The objective of this experiment is to accelerate electrons to multi-GeV energies in an optically controlled plasma waveguide created from a light gas. Today, one of the main challenges for the scientific community working on laser-plasma acceleration of electrons is to increase the length of the laser-plasma interaction to maximize the energy transfer from the laser to the electrons and thus increase the energy of the accelerated beam. In most laser-plasma accelerators, laser diffraction limits the acceleration length to the Rayleigh length or a few Rayleigh lengths through plasma self-focusing. The key idea of this project is to create a plasma channel, with a first low-intensity pulse, that acts as an optical fiber to propagate the beam with relativistic intensities over distances of several centimeters. This plasma waveguide, coupled with a controlled injection technique, will allow obtaining high-quality electron beams with energies of several GeV.

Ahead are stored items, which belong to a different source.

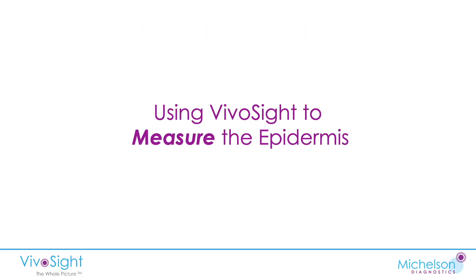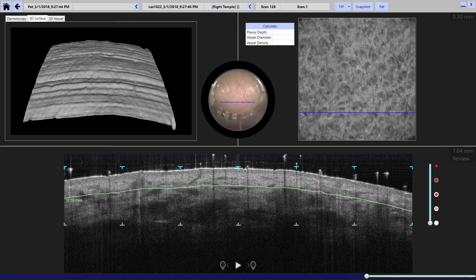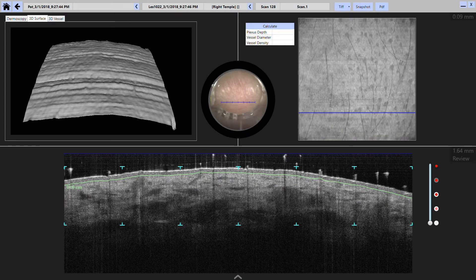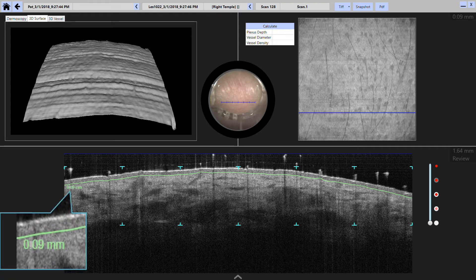So how do we use VivaCite to actually measure the epidermis? It's fairly easy to eyeball where the epidermis is. This is a screenshot of what you see on the VivaCite after capturing an image of some normal skin, and you can see the epidermis layer. It's easy to click and drag the green line up to the boundary and then read off the thickness of the epidermis — in this case, 0.09 millimeters, which is 90 microns.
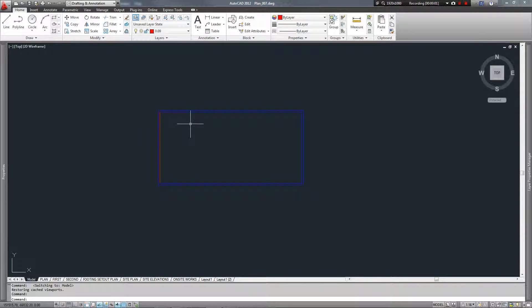Hi guys, welcome to tutorial number four. We're having a look at some last little things on AutoCAD based on your questions. So we're going to get straight into it today.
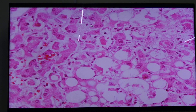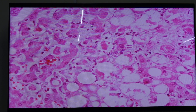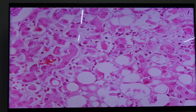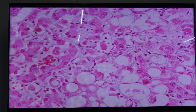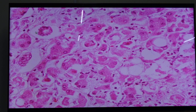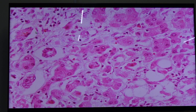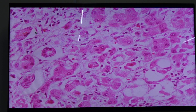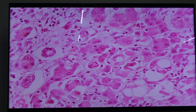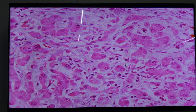Here we have a lot of them. This is a Mallory-Denk body, this one, this one, this one — Mallory-Denk bodies. What would be the differential diagnosis?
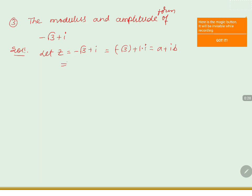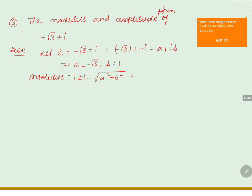By comparing with the standard form a plus ib, we get a is equals to minus root 3 and b is equals to 1. The modulus is equals to square root of a squared plus b squared, which is square root of minus root 3 whole squared plus 1 squared, that is square root of 3 plus 1, equals square root of 4, equals 2.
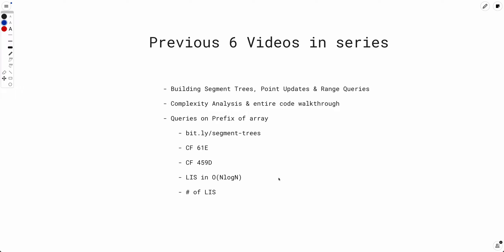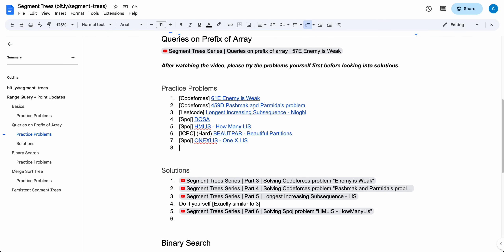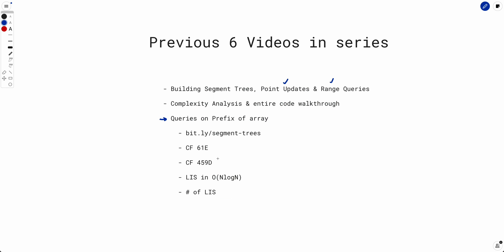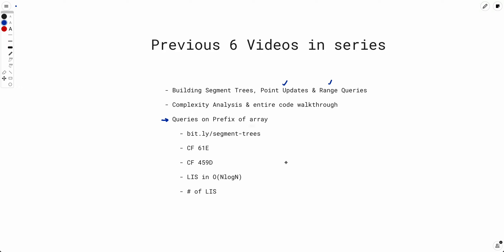Hello everyone, welcome back. If you are new, this is a new series where we are trying to dissect segment trees from scratch. We already have 6 videos covering the basics of segment trees, how to build them, how to do point updates and range queries, detailed complexity analysis, and full code walkthroughs. We also solved problems involving prefix queries with practice problems available. In this video, we will be looking at how to do binary search on a segment tree.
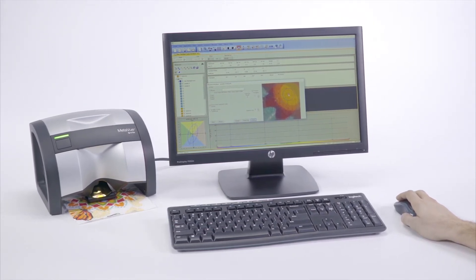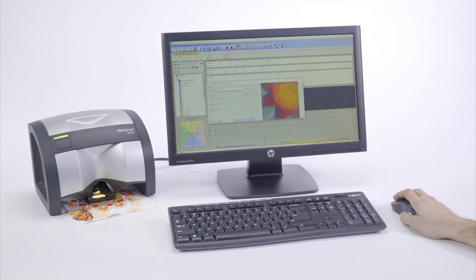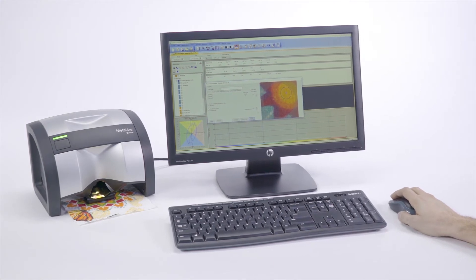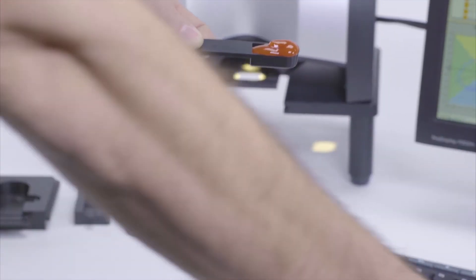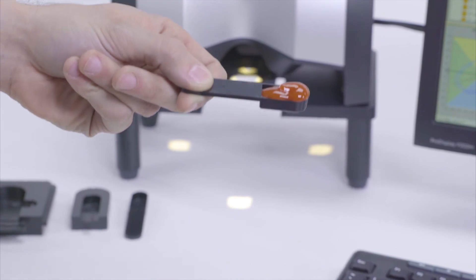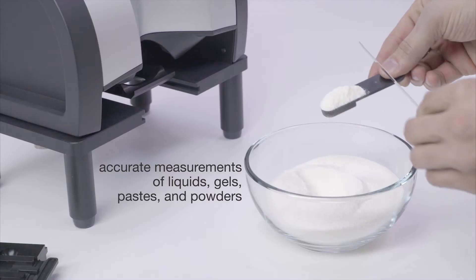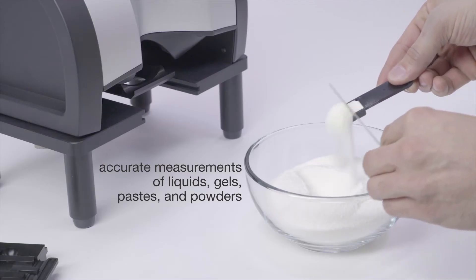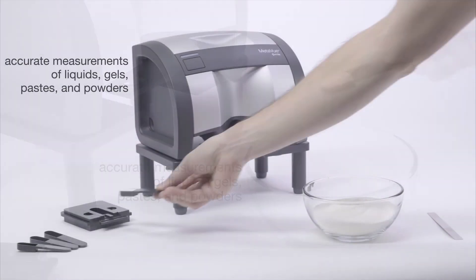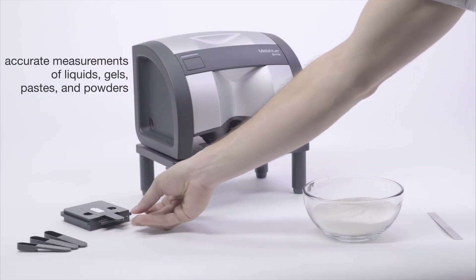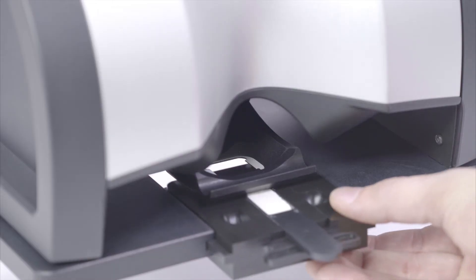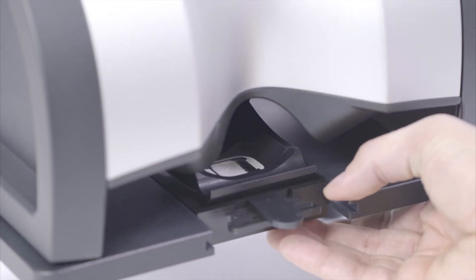For precise, fast and easy selection of the target area, the non-contact measurement feature, a true differentiator, makes it easier to get accurate readings even with challenging samples like liquids, gels, pastes, and powders.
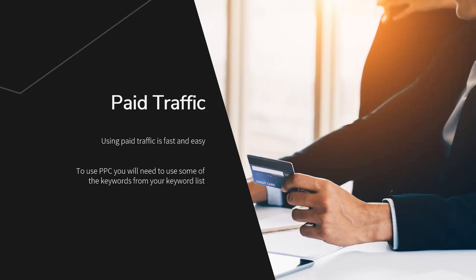To use PPC, you will need to use some of the keywords from your keyword list. You will also need a suitable landing page on your website. You are not allowed to send the traffic directly to a sales or offer page with PPC, so you need to create your own landing page that provides value to the visitor. From this page, you can persuade them to join your email list, for example.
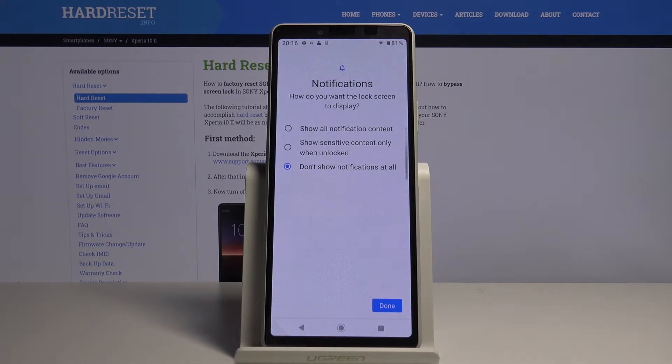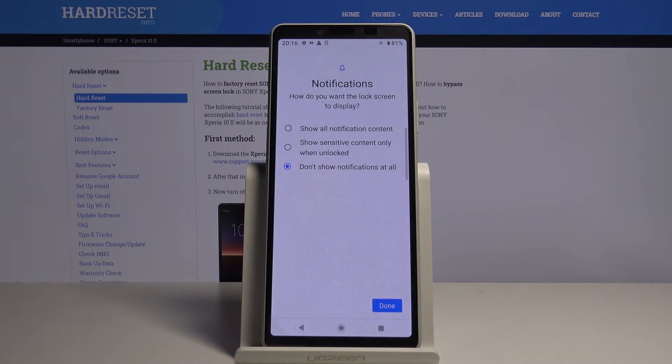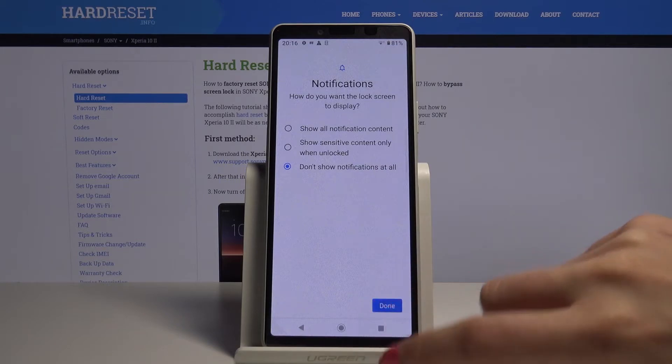How do you want the lock screen to display? Show all notifications content, show sensitive content only when unlocked, don't show notifications at all. Choose one of the options and click done.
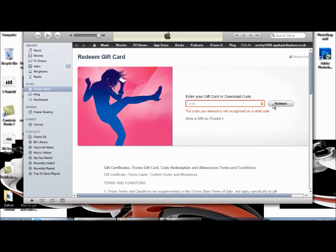As you can see, I haven't put a code, so there it is. But after you've done that, scratch off the label, enter code, and download your content and enjoy.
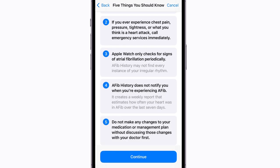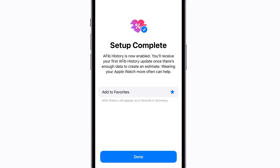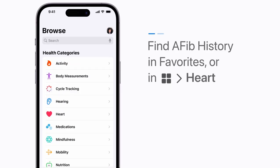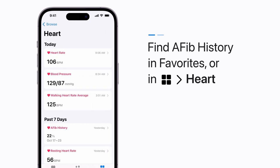When you're done, AFib History is automatically added to your Favorites in the Summary tab. Results will appear after about a week of wearing your Apple Watch for at least 12 hours a day. Find AFib History in your Favorites or in the Browse tab under Heart.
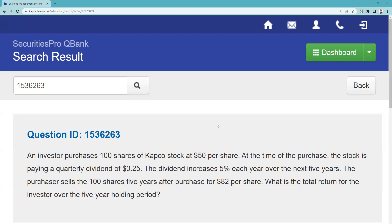On math questions there are always different ways to do things, so as long as you come up with the right answer, don't worry about the method. The investor sells 100 shares five years after the purchase for $82. So buying at $50 and selling at $82 gives $32 in gain — on 100 shares, that's $3,200.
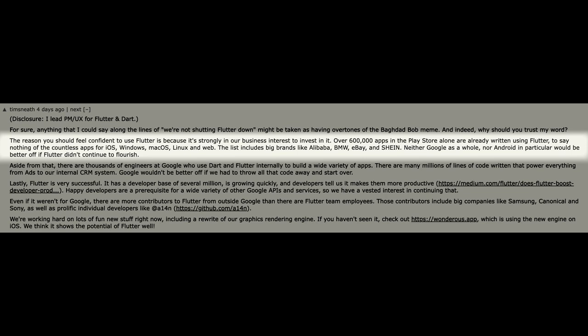The list includes big brands like Alibaba, Airbnb, eBay and Shein. Neither Google as a whole nor Android in particular would be better off if Flutter didn't continue to flourish.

The project continues an experiment conducted in 2022, during which we demonstrated the concept by producing electron beams with peaked spectra at 2.2 GeV. We lacked time to optimize the beam during this first experiment. Here, we aim to use this experiment feedback to produce stable, high-quality beams at 4 GeV.

Such achievements would pave the way to further scientific experiments requiring high-energy electron beams, notably in regimes where the quantum electrodynamics (QED) mechanisms become significant, for instance, with the collision of a relativistic electron beam with an ultra-intense laser beam.